Pierre Fabre Laboratories have received marketing authorisation in China for BRAFTOVI (encorafenib) in combination with cetuximab to treat adult patients with BRAFV600E-mutant metastatic colorectal cancer (mCRC) following prior systemic therapy.
The approval is based on results from the phase 3 BEACON CRC trial and the China-based NAUTICAL CRC bridging study.
Both studies showed significant survival benefits. BEACON CRC demonstrated a 40% reduction in risk of death, while NAUTICAL CRC showed a 45% reduction and a 63% decrease in disease progression or death among Chinese patients.
Marie-Andrée Gamache, CEO of Pierre Fabre Medical Care, said: “The marketing authorization for BRAFTOVI by the Chinese health authorities is a key milestone. Greater China is a priority strategic country for Pierre Fabre Laboratories.”

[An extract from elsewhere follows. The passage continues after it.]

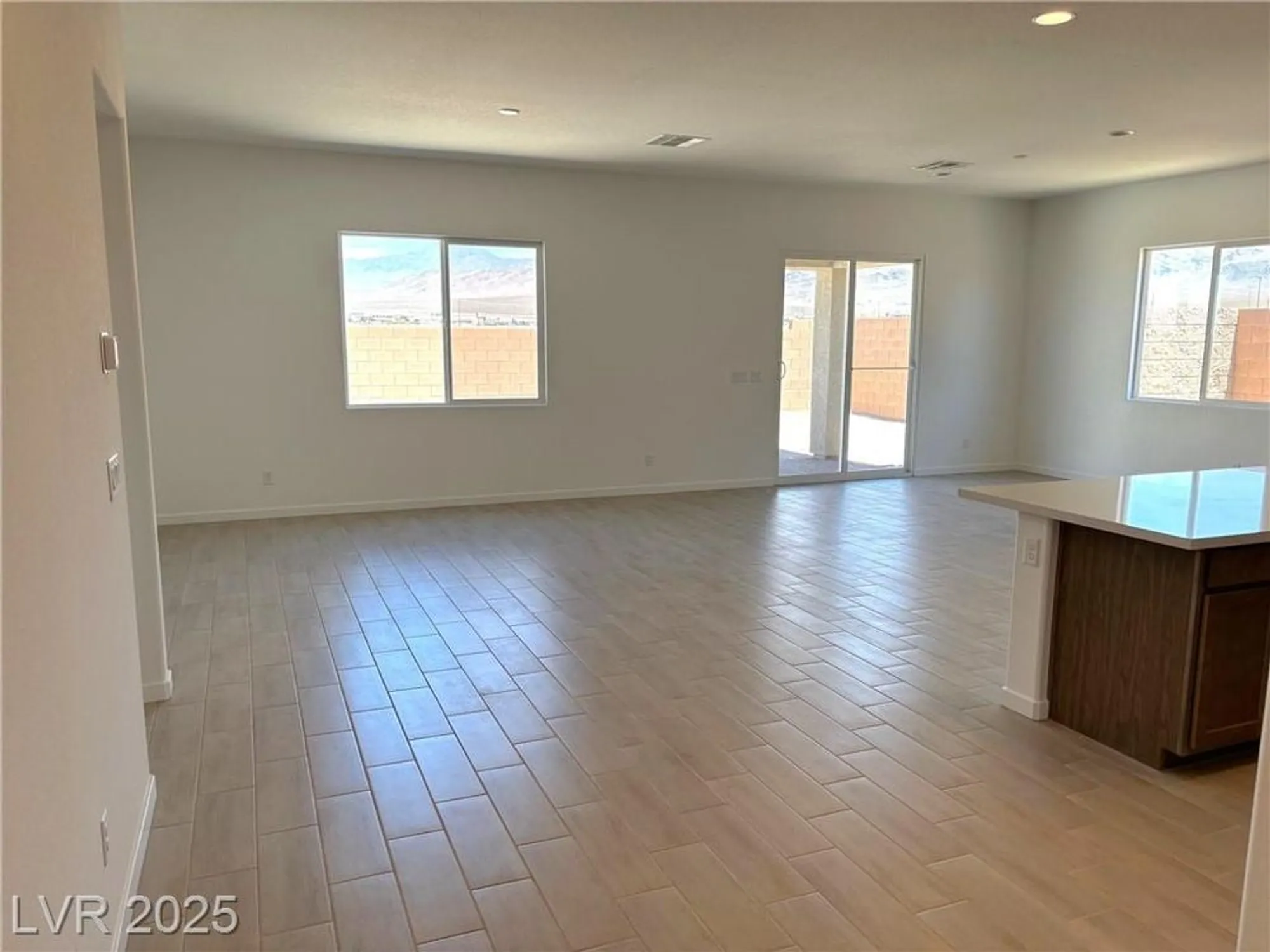 Property Slideshow image 10 of 29 | 5704 e badlands ln, Pahrump, NV, 89061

BRAF mutations occur in around 3–5% of Chinese mCRC patients, with V600E being the most common. These patients typically face poor outcomes and limited treatment options.

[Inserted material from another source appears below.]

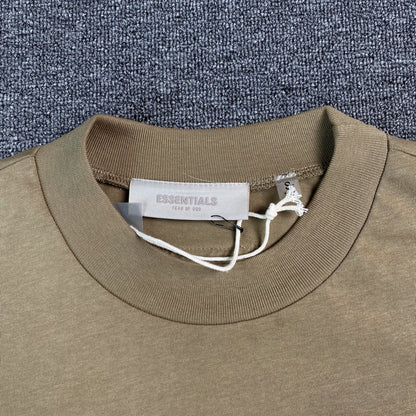 Remera Fear of God Essentials Oak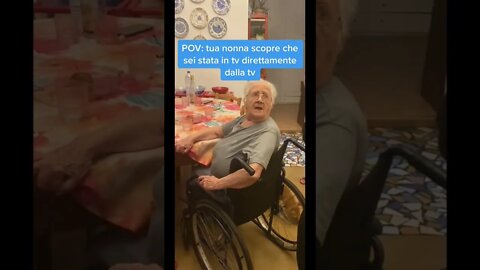 Il momento in cui tua nonna realizza che…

Núria Perez-Cullell, Head of Medical & Patient Consumer Department, said: “This approval represents a significant advancement and is crucial for the patients in China with BRAFV600E-mutant mCRC facing this particularly unfavorable prognosis cancer.”

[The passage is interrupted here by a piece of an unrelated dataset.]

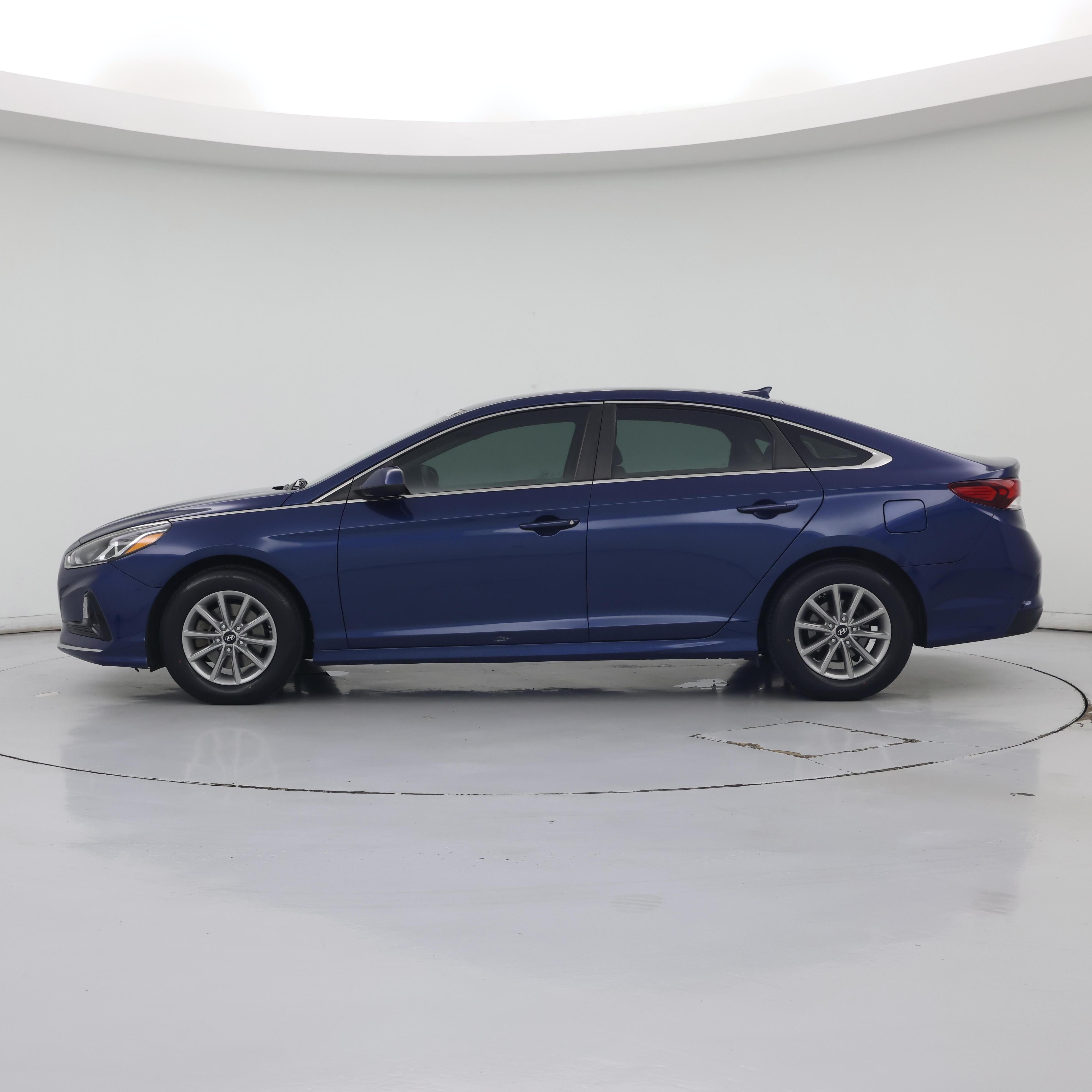 Thumbnail: 2019 Hyundai Sonata - 3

Mr Tian Wee NG, Managing Director for Pierre Fabre Medical Care in Hong Kong and China, added: “The combination of BRAFTOVI with cetuximab provides renewed hope for Chinese metastatic colorectal cancer patients with a BRAFV600E mutation, offering a targeted cancer treatment regimen.”
The approval marks a major step in expanding precision oncology in China and reflects Pierre Fabre’s commitment to improving access to innovative therapies for hard-to-treat cancers.